Fernando Martínez Rubio (born 10 June 1990), known simply as Fernando, is a Spanish professional footballer who plays for UD Almería as a goalkeeper.

Club career

Early career
Born in Murcia, Fernando finished his development in Valencia CF's youth system. He made his senior debut with Sangonera Atlético CF, spending one season in the Segunda División B.

Murcia
Fernando joined Real Murcia in the summer of 2010, playing two years with the reserves in the Tercera División. In August 2012, he was loaned to neighbouring UCAM Murcia CF in the third division.

Fernando made his official debut for Murcia on 11 September 2013, in a 2–0 away loss against Hércules CF in the second round of the Copa del Rey. His Segunda División bow occurred on 24 November, as he replaced field player Daniel Toribio after Casto was sent off in the 70th minute, and kept a clean sheet in the 0–0 draw at AD Alcorcón.

UCAM Murcia
On 5 July 2016, Fernando returned to UCAM Murcia, newly promoted to the second tier. A backup to Biel Ribas, he featured in 12 league matches as his team suffered relegation.

Almería
On 5 July 2017, Fernando signed a two-year contract with fellow second-division club UD Almería.

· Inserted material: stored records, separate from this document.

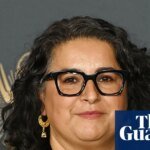 “This is a rare find!” The casting genius who chose the year’s biggest TV star from 600 auditions | television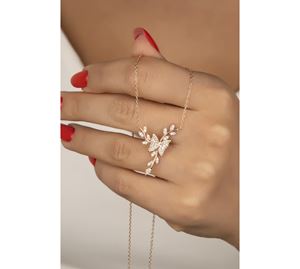 Jewels Shop Vol.2 - Γυναικείο Κολιέ Silvano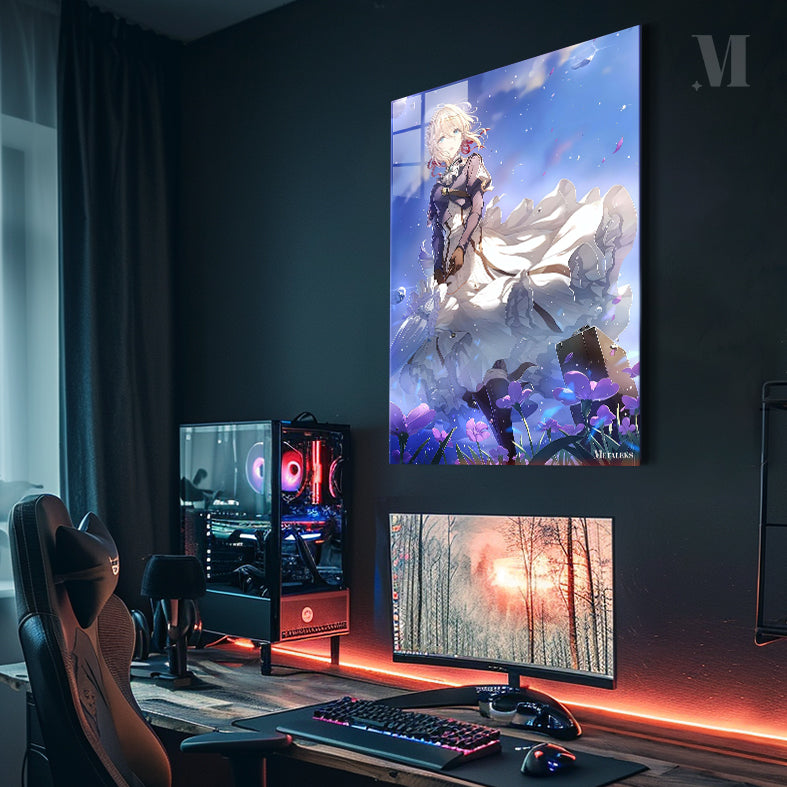 Violet Evergarden  CS083025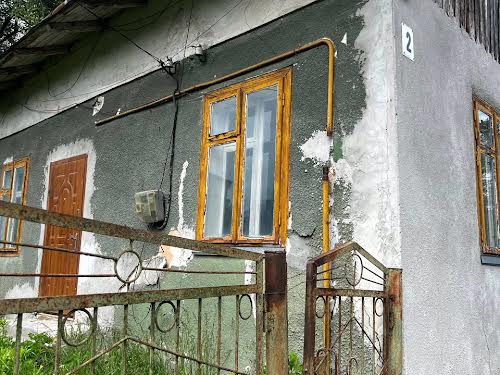 будинок за адресою Івана Франка вул.
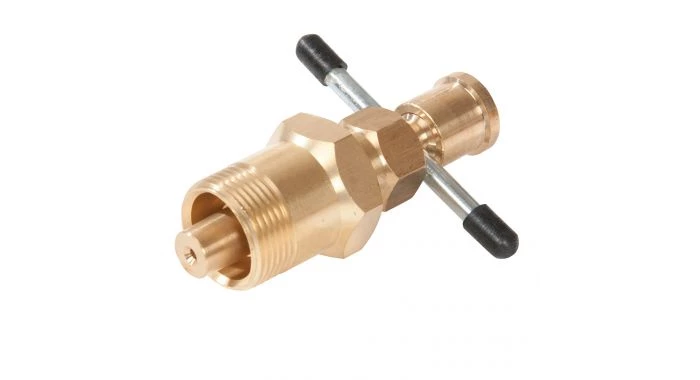 Silverline 675228 Extracteur d'olives - 15 et 22 mm 3 Silverline 675228 Extracteur d'olives - 15 et 22 mm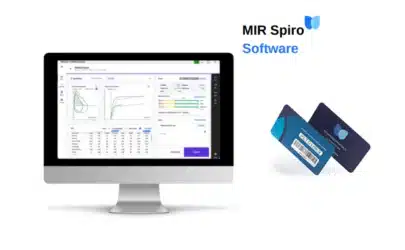MIR Spiro Licence Platinum Perpétuelle - MIR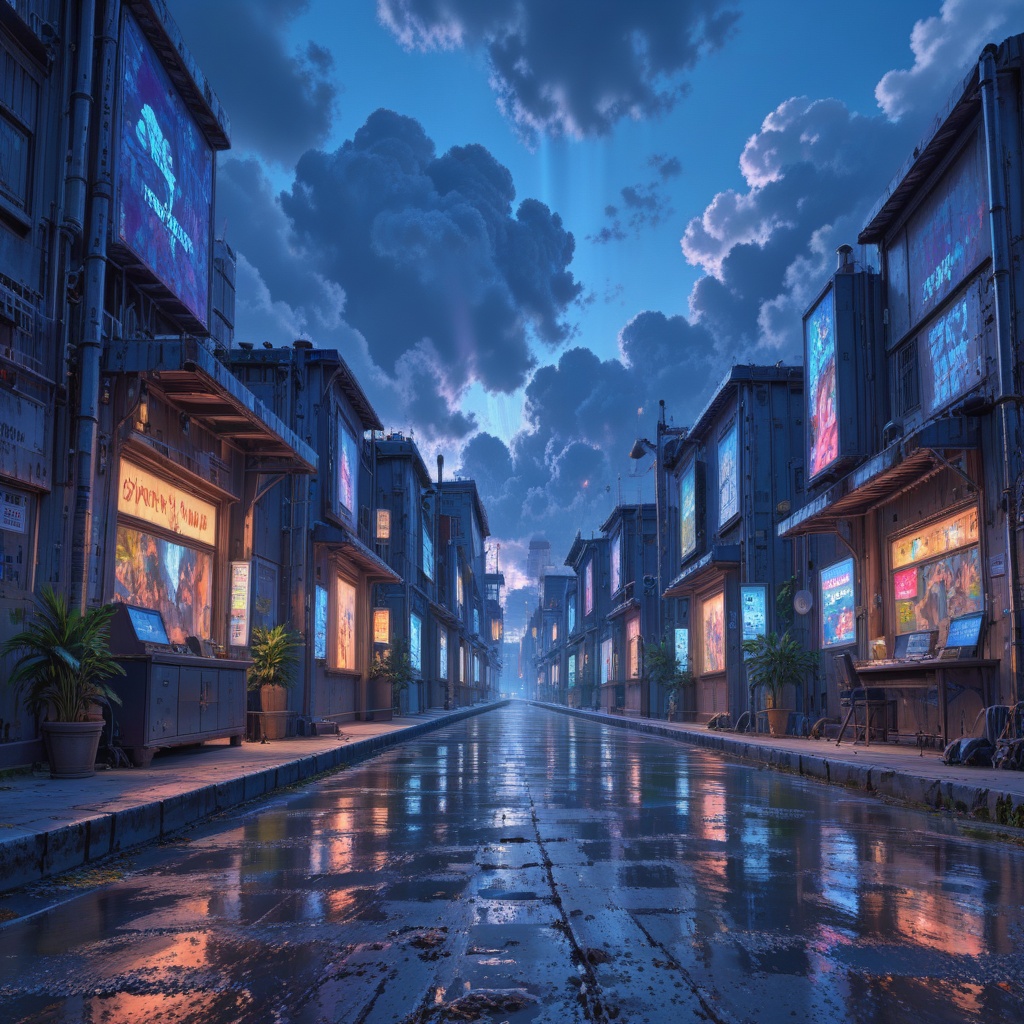 image quality enhancement tool,  vivid color enhancement tool,  ray tracing enhancement tool on Tensor.Art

Second-choice to René, he renewed his contract with the Rojiblancos for a further two seasons on 22 May 2019. 

Fernando became a regular starter under new manager Guti, and agreed to a further extension until 2022 on 27 April 2020. He only missed one game in 42 in the 2021–22 campaign, and Almería returned to La Liga after seven years as champions; in the process, he was awarded the Ricardo Zamora Trophy. 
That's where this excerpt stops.